▸ **TASK ITEM**
With pictures left out, output exactly the lines of the listing below from the line that has "No Pull Dog" to the line that has "보성 골망태다원 여행 추천 - 로드트립", both lines kept.

▸ **MATERIALS PROVIDED**
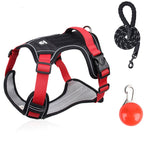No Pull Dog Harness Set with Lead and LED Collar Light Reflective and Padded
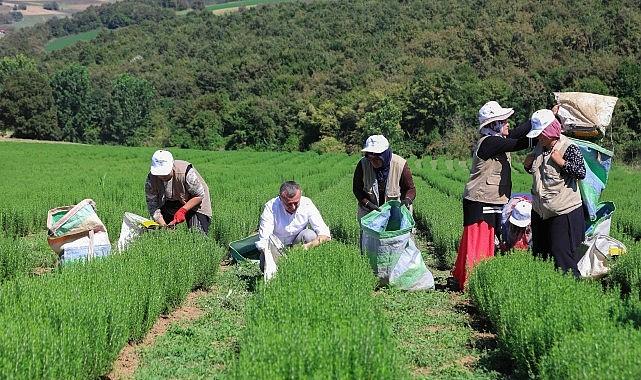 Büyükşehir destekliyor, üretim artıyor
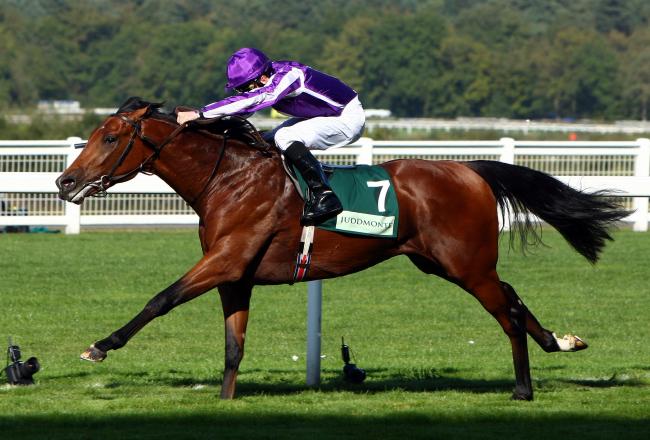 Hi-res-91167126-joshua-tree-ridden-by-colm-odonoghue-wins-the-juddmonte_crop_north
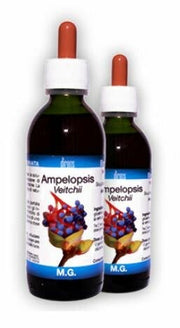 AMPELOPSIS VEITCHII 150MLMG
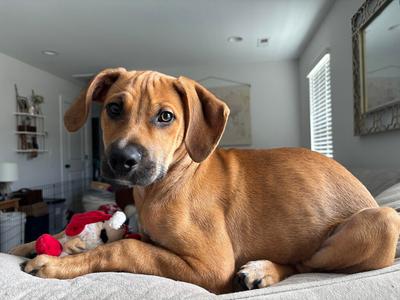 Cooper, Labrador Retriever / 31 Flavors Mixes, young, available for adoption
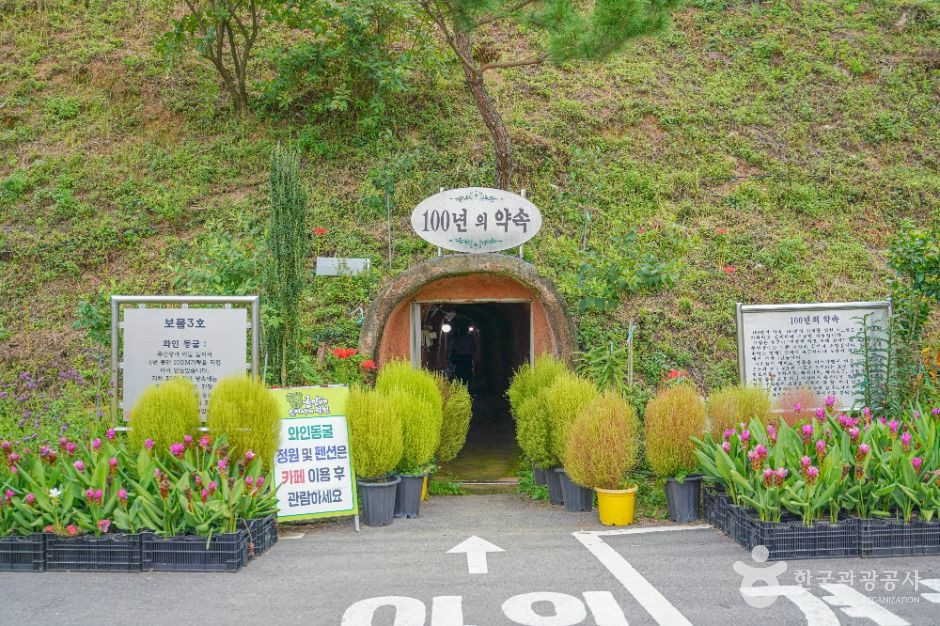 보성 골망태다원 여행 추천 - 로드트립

* * *

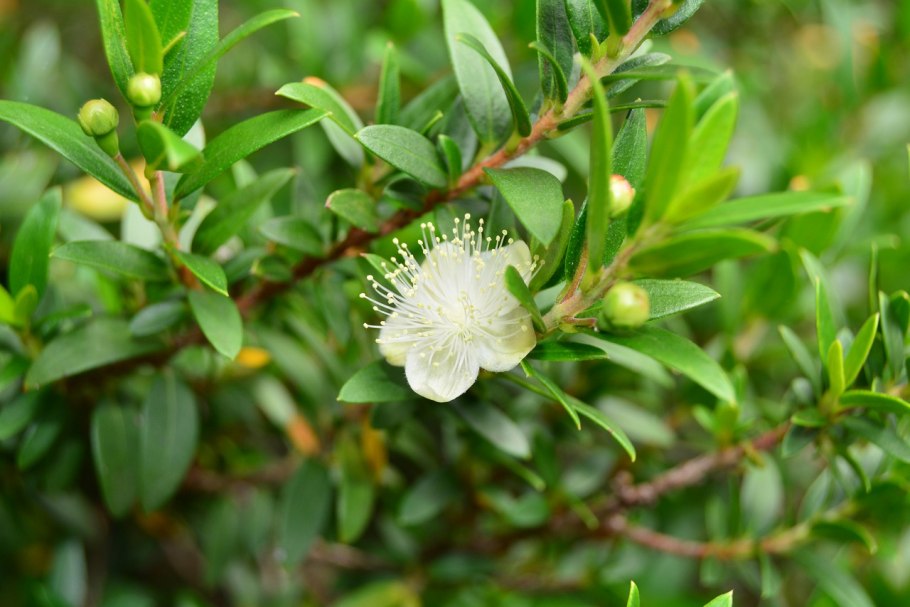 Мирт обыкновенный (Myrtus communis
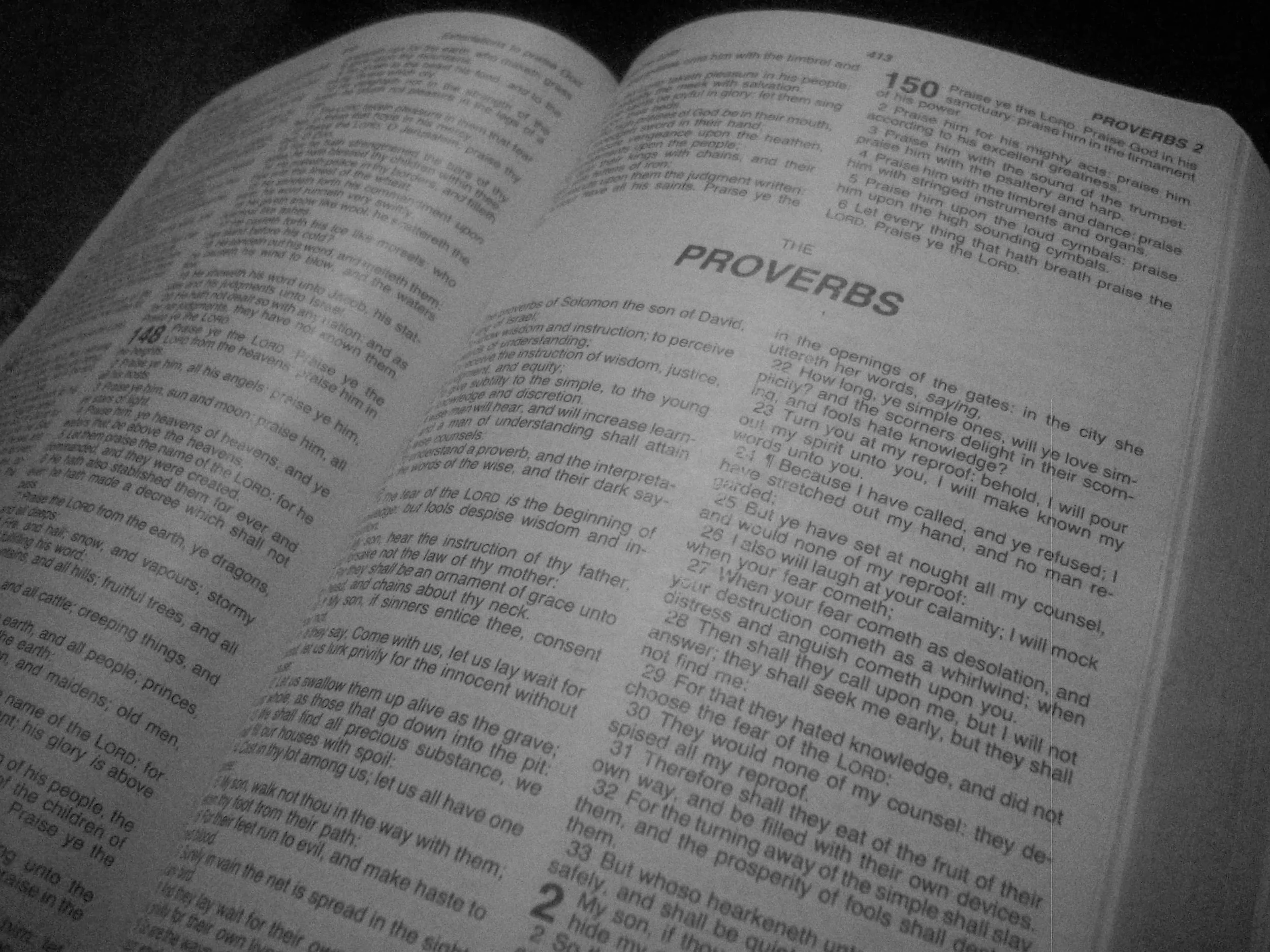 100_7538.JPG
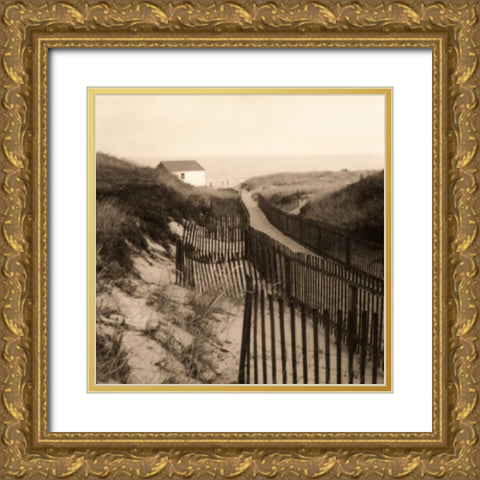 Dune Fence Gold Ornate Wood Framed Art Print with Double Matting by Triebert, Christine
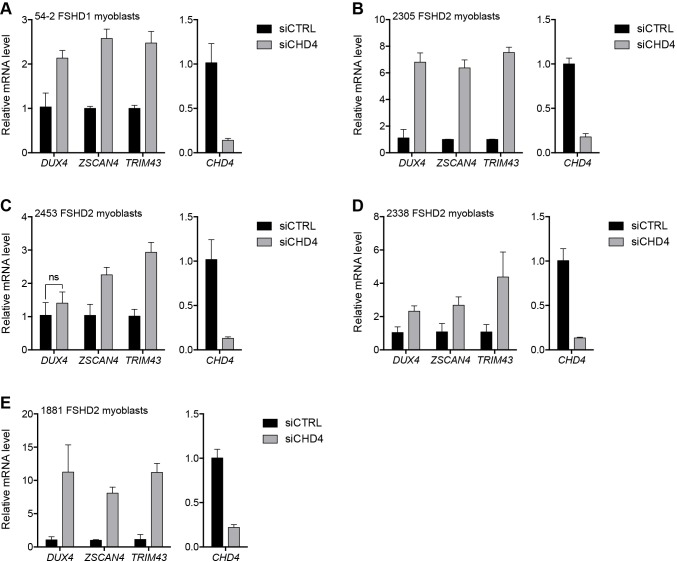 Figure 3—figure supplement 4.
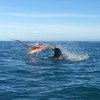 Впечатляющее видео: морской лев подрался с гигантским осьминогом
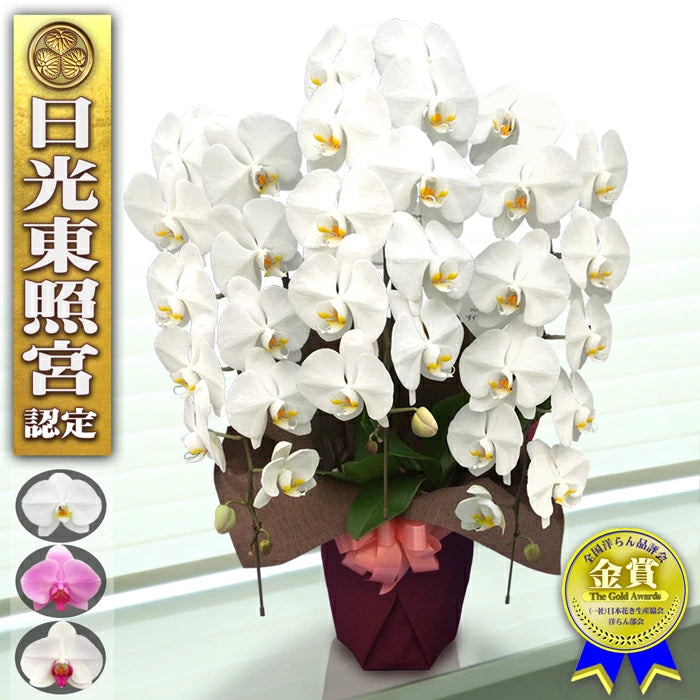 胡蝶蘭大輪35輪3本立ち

▸ **RESPONSE TO THE EXERCISE**
No Pull Dog Harness Set with Lead and LED Collar Light Reflective and Padded
 Büyükşehir destekliyor, üretim artıyor
 Hi-res-91167126-joshua-tree-ridden-by-colm-odonoghue-wins-the-juddmonte_crop_north
 AMPELOPSIS VEITCHII 150MLMG
 Cooper, Labrador Retriever / 31 Flavors Mixes, young, available for adoption
 보성 골망태다원 여행 추천 - 로드트립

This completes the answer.